- **Required action**
Look below for the line that contains "Love and Chocolate: A" and the line that contains "Peter Sloterdijk - Ausgewählte", then restate both of them and every line in between, exactly. No picture goes in the copy.

- **Extracted entries**
========================
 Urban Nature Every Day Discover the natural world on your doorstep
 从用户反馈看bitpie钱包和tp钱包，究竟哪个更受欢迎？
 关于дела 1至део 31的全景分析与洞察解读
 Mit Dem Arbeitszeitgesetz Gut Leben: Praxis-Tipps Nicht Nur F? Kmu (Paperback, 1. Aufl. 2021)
========================
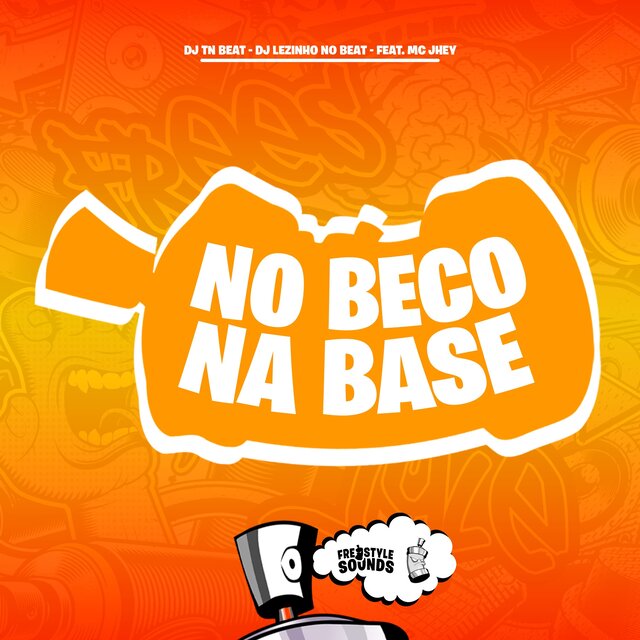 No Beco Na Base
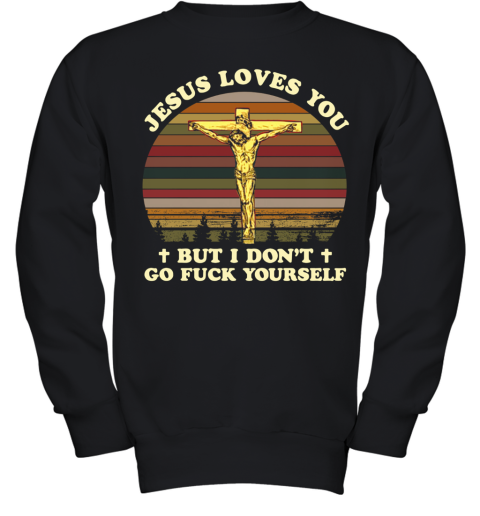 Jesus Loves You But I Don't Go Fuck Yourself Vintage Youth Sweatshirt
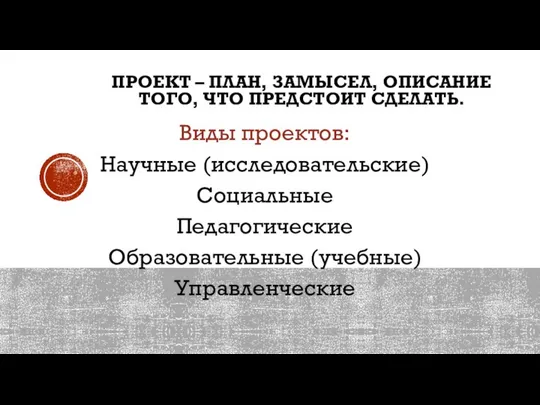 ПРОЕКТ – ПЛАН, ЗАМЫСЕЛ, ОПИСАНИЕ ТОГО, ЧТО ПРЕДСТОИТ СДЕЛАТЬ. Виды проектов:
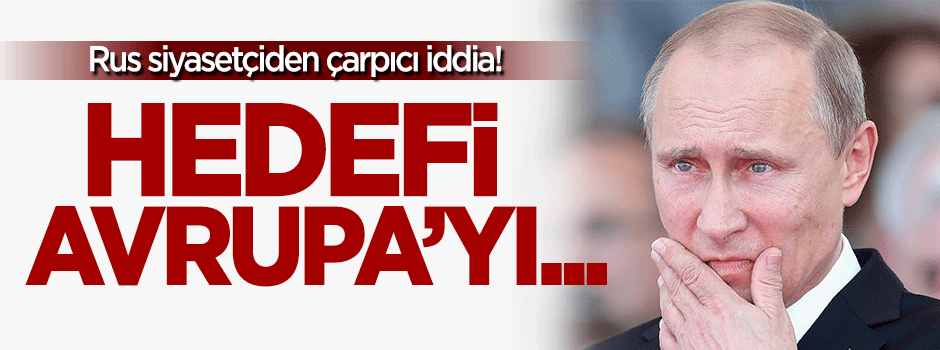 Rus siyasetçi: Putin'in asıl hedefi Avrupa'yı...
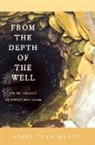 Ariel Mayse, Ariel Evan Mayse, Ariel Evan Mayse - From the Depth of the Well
========================
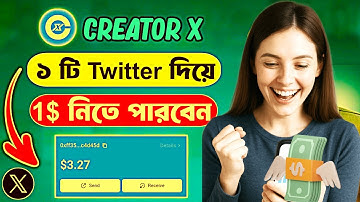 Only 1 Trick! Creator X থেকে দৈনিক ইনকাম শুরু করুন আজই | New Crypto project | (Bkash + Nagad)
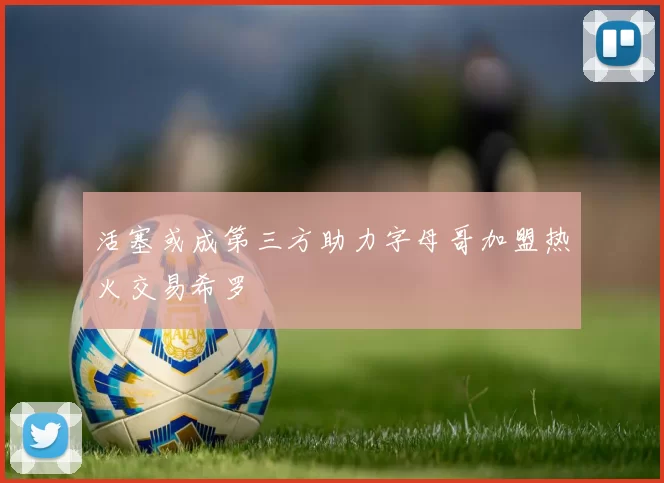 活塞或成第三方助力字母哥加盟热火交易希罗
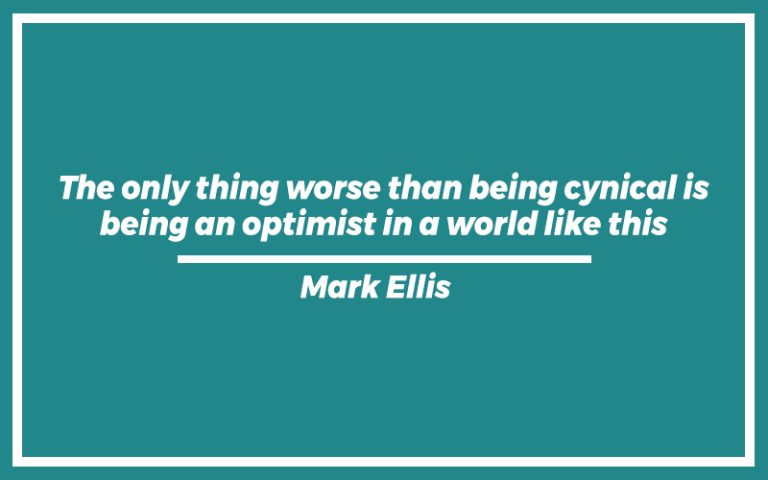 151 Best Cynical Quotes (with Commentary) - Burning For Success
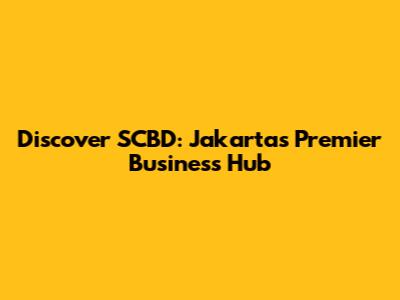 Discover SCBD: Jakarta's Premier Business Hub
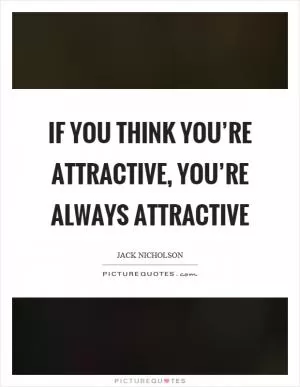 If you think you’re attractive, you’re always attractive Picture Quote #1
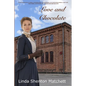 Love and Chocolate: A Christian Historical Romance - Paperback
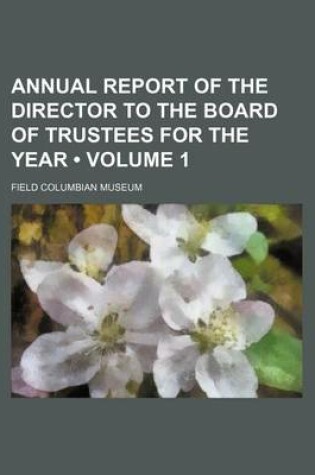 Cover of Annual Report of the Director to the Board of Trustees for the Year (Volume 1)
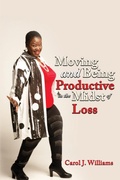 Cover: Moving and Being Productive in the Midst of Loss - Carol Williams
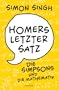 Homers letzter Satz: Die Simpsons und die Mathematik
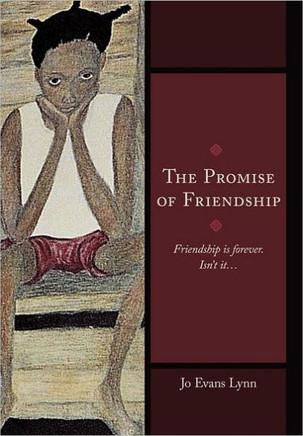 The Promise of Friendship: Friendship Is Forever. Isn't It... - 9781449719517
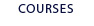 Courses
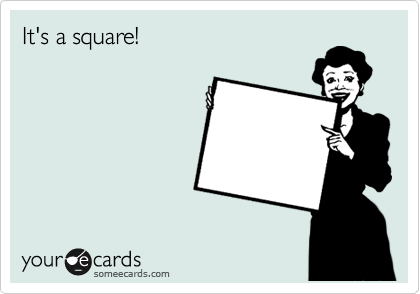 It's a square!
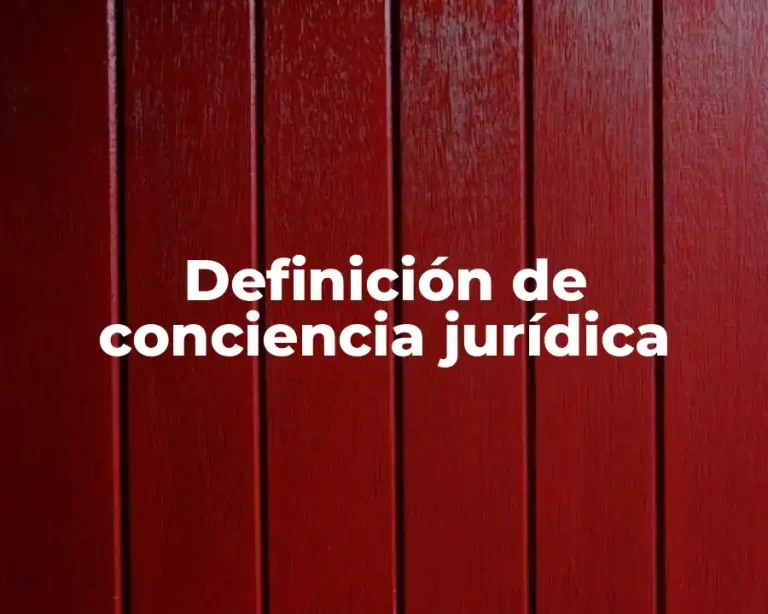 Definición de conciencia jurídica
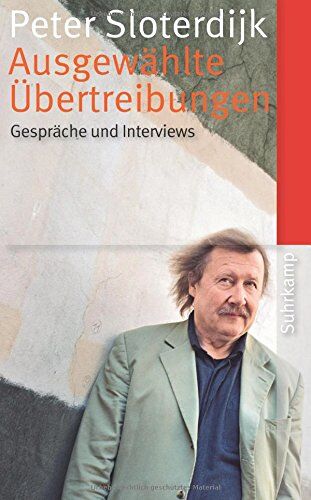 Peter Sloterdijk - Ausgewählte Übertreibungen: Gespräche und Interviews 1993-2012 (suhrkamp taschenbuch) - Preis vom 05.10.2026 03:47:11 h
========================
- **Exercise solution**
 Love and Chocolate: A Christian Historical Romance - Paperback
 Cover of Annual Report of the Director to the Board of Trustees for the Year (Volume 1)
 Cover: Moving and Being Productive in the Midst of Loss - Carol Williams
 Homers letzter Satz: Die Simpsons und die Mathematik
 The Promise of Friendship: Friendship Is Forever. Isn't It... - 9781449719517
 Courses
 It's a square!
 Definición de conciencia jurídica
 Peter Sloterdijk - Ausgewählte Übertreibungen: Gespräche und Interviews 1993-2012 (suhrkamp taschenbuch) - Preis vom 05.10.2026 03:47:11 h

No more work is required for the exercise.